With open technology, Android helps developers keep up with the rapid change in the payments space
While many advancements in the payments space are consumer-driven, software developers can take credit for a tech trend gaining momentum: Android terminals.
Traditionally, developing software for a vendor’s payment terminal required working with a proprietary development platform and operating system. So, development not only took a significant investment of time and resources, but payment technology companies and acquirers also needed to find developers with expertise in that platform. While there is a limited number of developers who are experts in the various proprietary payment terminal platforms Android developers are much easier to find.
What Developers Can Do with Android
Once a payment technology company or acquirer assembles a world-class Android development team, the sky’s the limit. Android is an open platform, enabling integration with a broad range of solutions. This gives integrators, processors, acquirers in the payment space the opportunity to add functionality, like integration with accounts payable and invoicing. The door is also open to differentiating their offerings with solutions that meet the needs of certain verticals. For example, providing a terminal for nonprofits that can easily accept small donations via contactless payment or mobile wallet, or a pay-at-the-table solution for restaurants.
Furthermore, Android helps developers take those solutions to market more quickly. The Android OS includes resources that make developers’ lives easier, including communications and process flow. Access to these resources gives developers an easier path to completing projects. Overall, Android allows developers to create new features for payment solutions and do it in less time.
What Transactions Look Like at an Android Terminal
Although Android undoubtedly offers developers advantages, merchants and consumers also enjoy the benefits. For example, using Ingenico’s Axium DX8000 terminal, which runs on the Android OS, colours and font sizes can be programmed easily to assist consumers with vision impairments. The audio port on the DX8000 can be leveraged to help consumers with a visual impairment listen to terminal prompts on the terminal, if the prompts are difficult to see.
The large-screen on the DX8000 also creates an opportunity for merchants to engage customers at the point of sale with graphical images and messaging or even with ads to create a new revenue stream.

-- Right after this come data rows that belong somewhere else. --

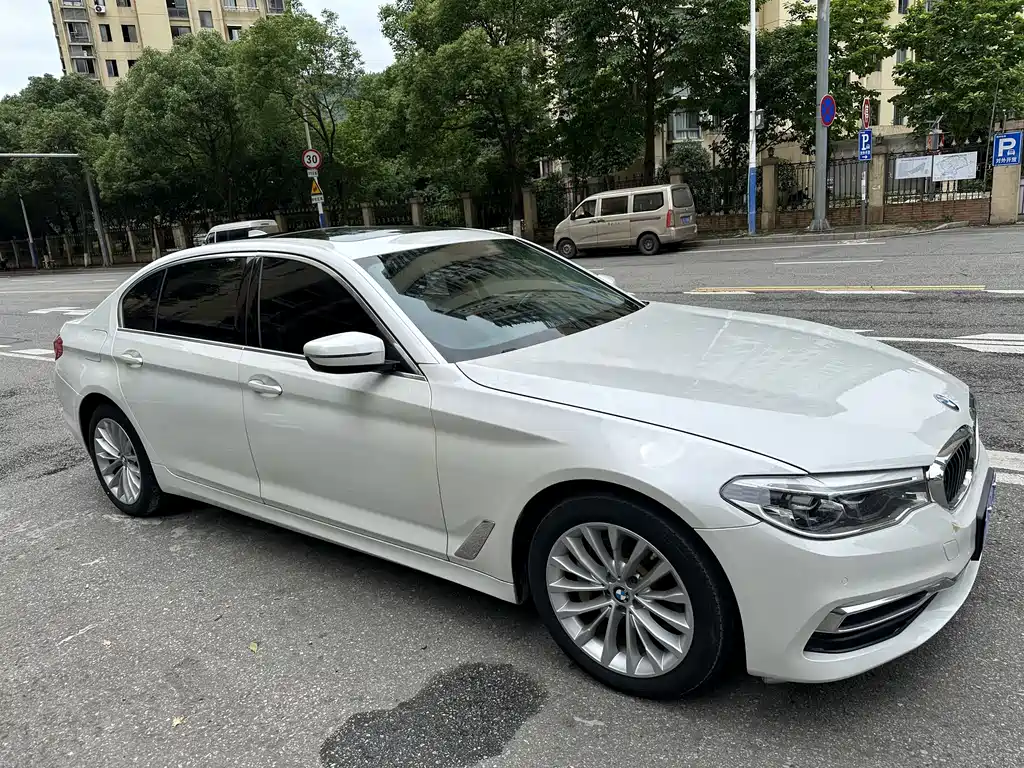 BMW 5 Series 2020 — фото 4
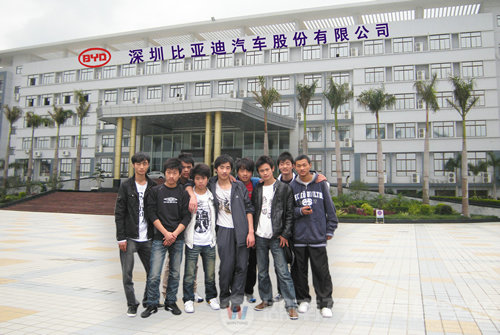 湖南萬(wàn)通汽車學(xué)校成功學(xué)子李楊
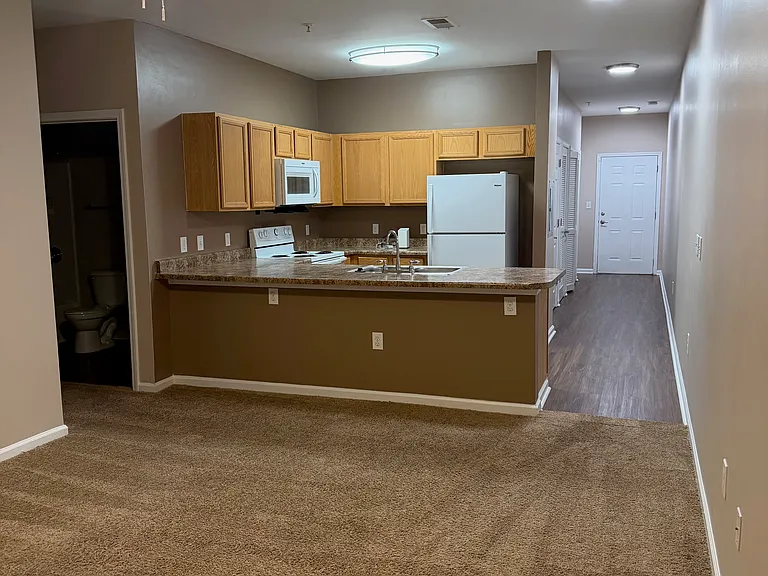 Pinnacle Pointe Apartments — Photo 33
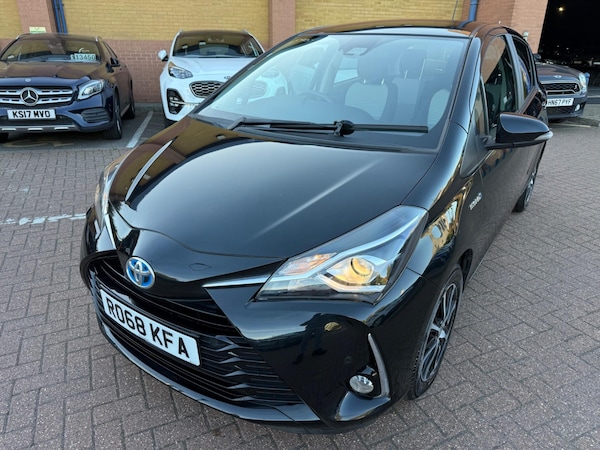 Used Toyota Yaris 2018 for sale - 76326427: Photo 3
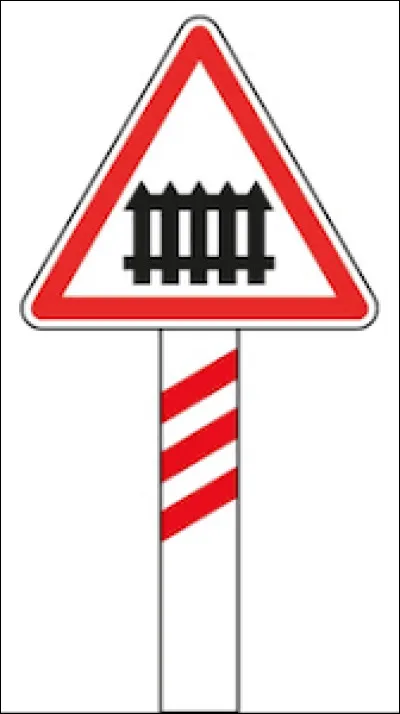 À quelle distance un passage à niveau est-il annoncé ?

These types of features can enhance experiences for consumers and also help small business owners compete more effectively with larger businesses that have invested in developing these capabilities at the point of sale.
The Outlook for Android Terminals
Over the last decade, the payment ecosystem has evolved rapidly, and it appears that change will continue to occur faster and faster. Developers of payment terminal solutions will find it difficult to keep up if they must continue to work with proprietary payment terminal platforms. Working with an Android payment terminal platform enables speed and flexibility that produces product features that drive consumer and merchant demand. Product development is easier and results in faster quality assurance testing when using Android terminals.
It's a win for integrators, processors and acquirers committed to innovation, but ultimately, merchants and consumers will benefit from feature-rich, user-friendly experiences at the point of sale.